The workhorse rocket operated by Arianespace performed as reliably as ever as it blasted off from the Kourou spaceport in French Guiana at 6 p.m. ET on its 117th flight. You can watch the moment when it lifts off in the video below:

Ariane 5’s final mission was a routine affair, deploying a French military communications satellite and a German communications satellite. Recent flights, however, saw it deploy the much-celebrated James Webb Space Telescope, which is sending scientists fresh data from deep space, and the Jupiter Icy Moons Explorer (JUICE) spacecraft, which is on its way to explore Jupiter and its three largest icy moons.

“This 117th and last Ariane 5 mission is emblematic in several respects,” Stéphane Israël, CEO of Arianespace, said in a release. “Ariane 5 has just deployed two telecommunications satellites, Syracuse 4B and Heinrich-Hertz-Satellit, for France and Germany, the first two contributors to the Ariane program, [and] this mission is also emblematic of Ariane 5’s ability to perform dual launches, which constitutes the very core of its success, with 197 satellites placed in geostationary orbit out of a total of 239 satellites deployed. Over its career, Ariane 5 has served 65 institutional and commercial customers from 30 countries.”

The 164-foot-tall (50-meter) Ariane 5 rocket looks similar to SpaceX’s Falcon Heavy and United Launch Alliance’s Delta IV, with a core booster and two side boosters giving it extra power for more complex deployments involving heavier payloads. A couple of minutes after launch, the two side boosters separate from the core stage, which carries on burning as it lifts the payload to orbit.

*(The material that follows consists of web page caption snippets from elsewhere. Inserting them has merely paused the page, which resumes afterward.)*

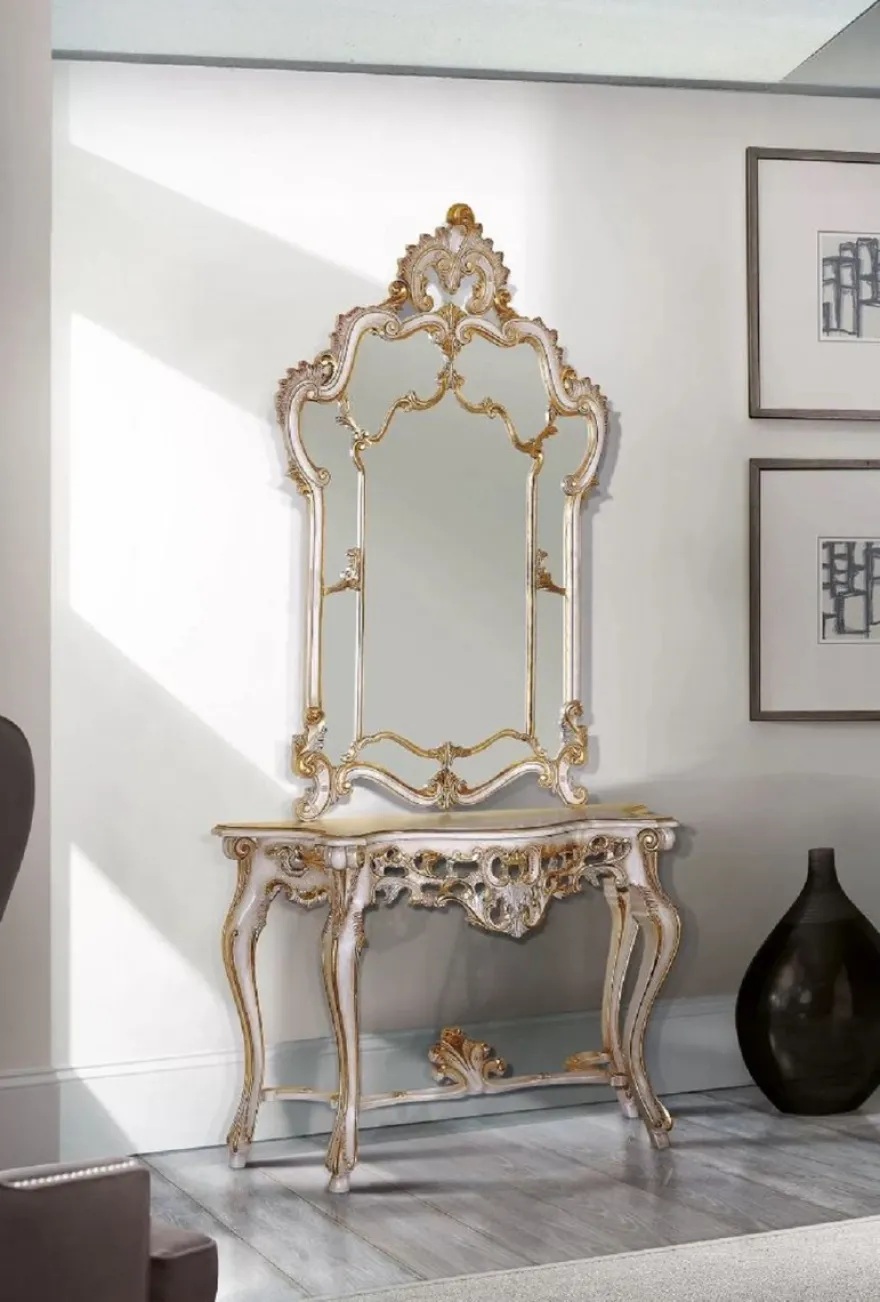 Casa Padrino Luxus Barock Konsole Weiß / Antik Gold - Handgefertigter Massivholz Konsolentisch - Barock Möbel - Luxus Qualität - Made in Italy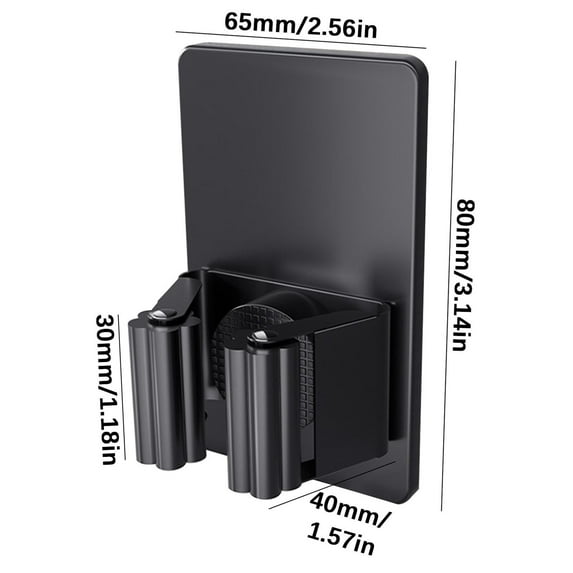 Self Adhesive Broom Holder Wall Mount - Heavy Duty No Drill Broom Organizer for Garage Closet Kitchen, Plastic Storage Rack for Brooms Mops Tools, Peel and Stick Adhesive(Black)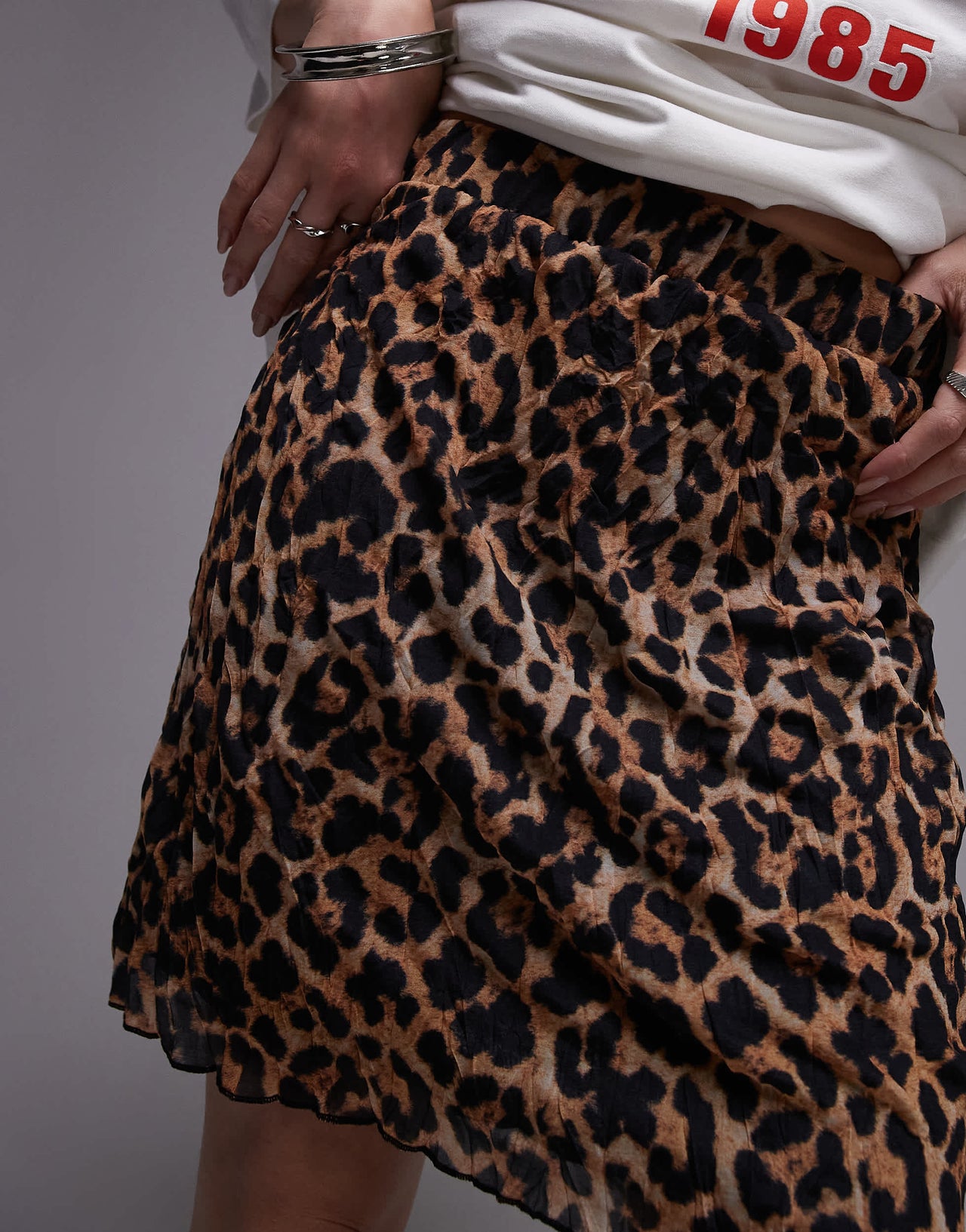 Topshop crinkle mini skirt in leopard print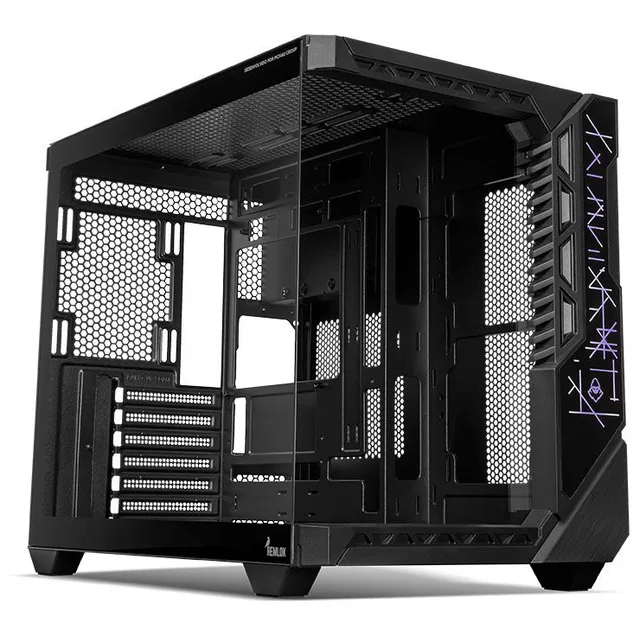 Gabinete Mancer Hemlok, preto, vista frontal e lateral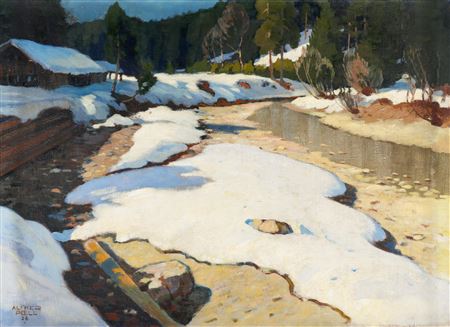 Sunny winter landscape by Alfred Poell - Auction record, sale price, and art valuation. Compare with similar artists and explore comparable artworks.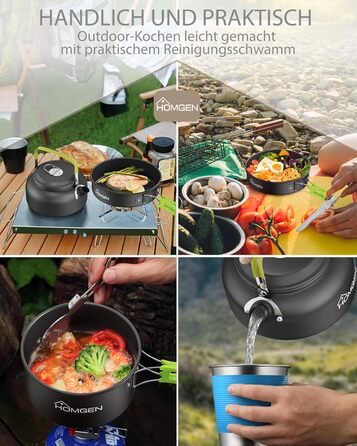 Набір кухонного посуду для кемпінгу Homgen: каструлі та сковорідки з алюмінію, легкий, для 2-3 осіб, з сумкою для зберігання, підходить для кемпінгу, пікніків, походів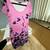Midi Pink and Ink Floral Shift Dress 2 thumbnail
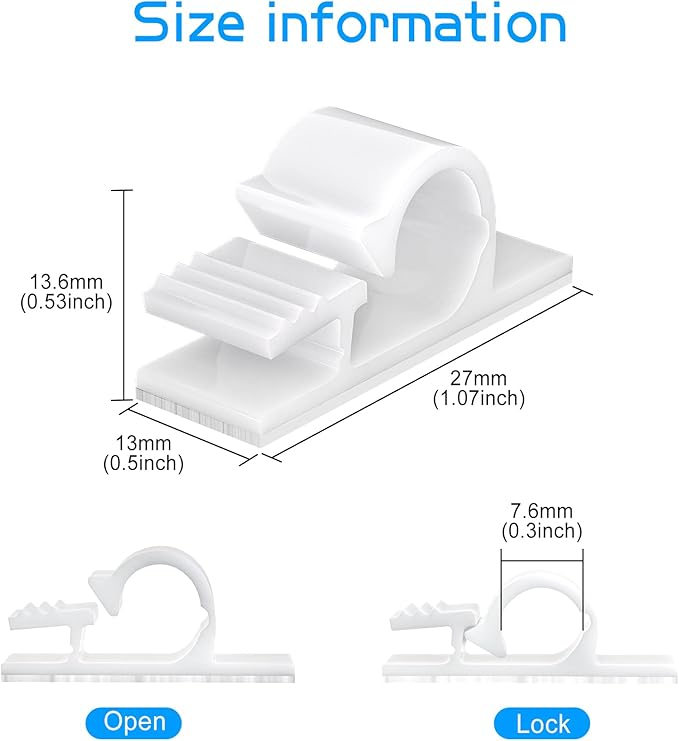 XHF 100pcs Adhesive Cable Wire Clips white, Outdoor Cable Management Wire Organizer Cord Holder for Under Desk, Car, Wall, TV PC Ethernet Cable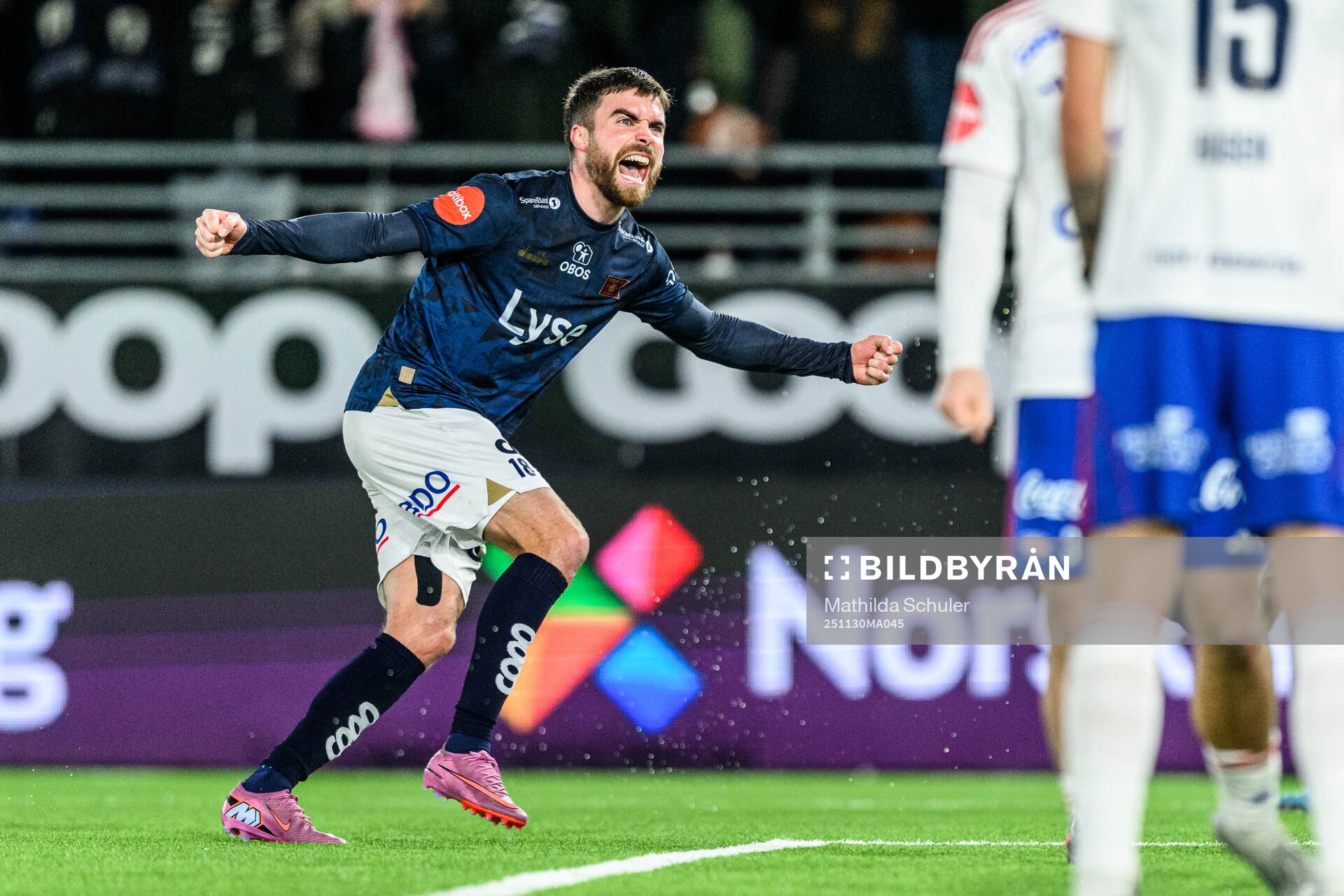 Sondre Flem Björshol of Viking celebrates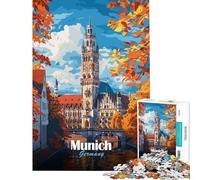 Puzzle da 1000 pezzi per adolescenti dipinto del paesaggio urbano di Monaco gioco rompicapo giocattolo intellettuale ottimo regalo per donne (dimensioni 38x26cm)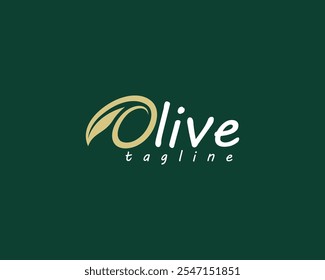 creative olive fruit in the shape of the letter o accompanied by leaves logo design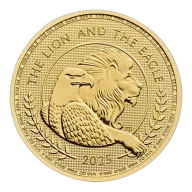 Pre-Owned 2025 UK The Lion and The Eagle 1/10oz Gold Coin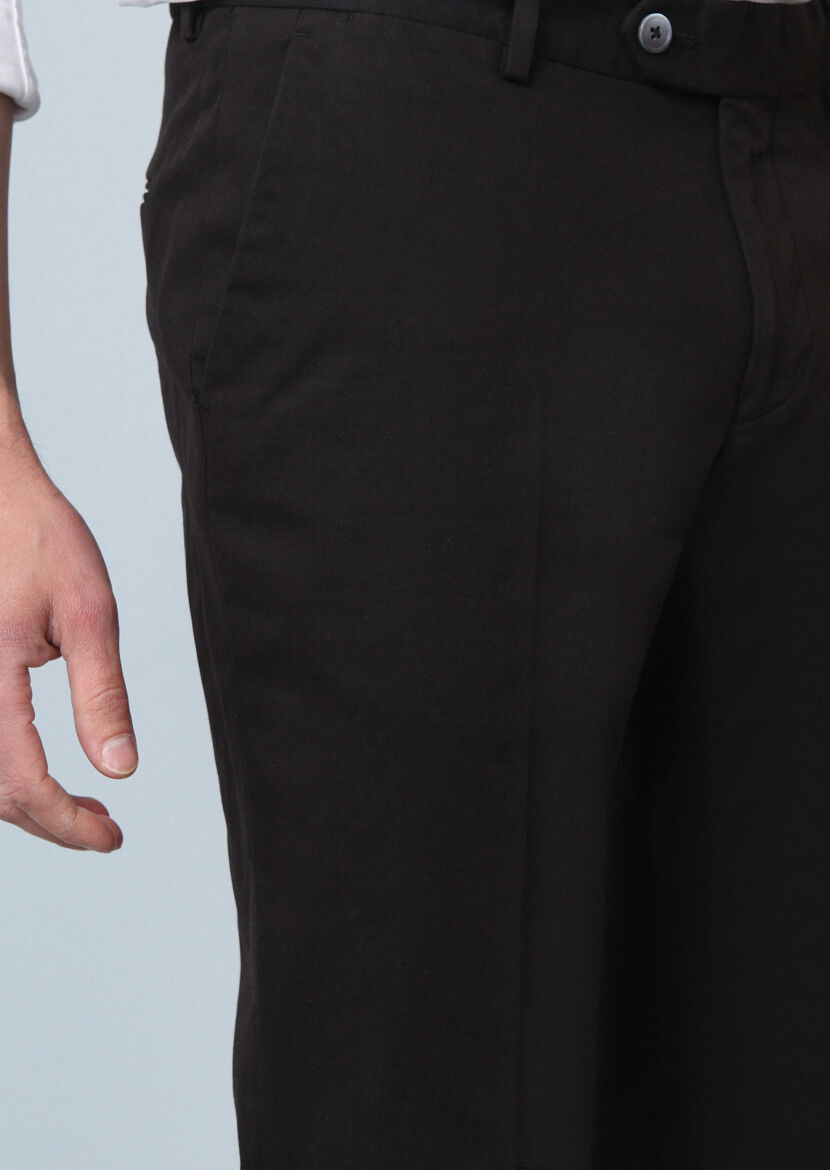 Siyah Düz Dokuma Regular Fit Smart Casual Pamuk Karışımlı Pantolon - 3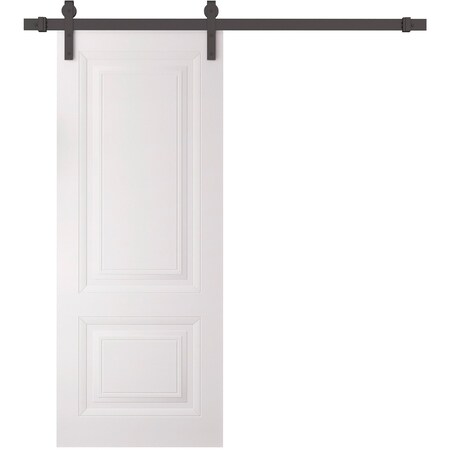 Sartodoors Barn Door 28 x 84 inches, BASIC 9422 White, 6.6FT Rail Track Heavy Hardware Set, Solid Panel Inte BASIC9422BD-B-SKIN-2884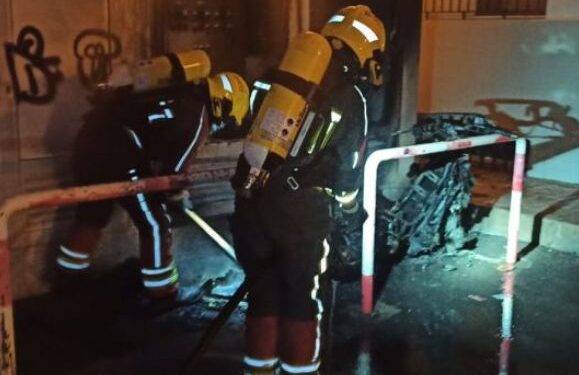 Motorbike fire in Arrecife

In its lifetime, the rocket suffered only two complete failures — one on its maiden flight in 1996 and another in 2002.

Ariane 5’s retirement means that Europe currently has no heavy-lift rocket available. With few options until it deploys the Ariane 6, Europe has to look elsewhere for launch assistance. Just last week, for example, it used SpaceX’s reliable Falcon 9 rocket in a launch from U.S. soil to deploy its Euclid satellite for a mission involving the exploration of dark matter.

Ariane 6 is currently undergoing tests ahead of its maiden flight. It was supposed to launch for the first time in 2020, but delays mean that it won’t get off the ground until later this year at the earliest.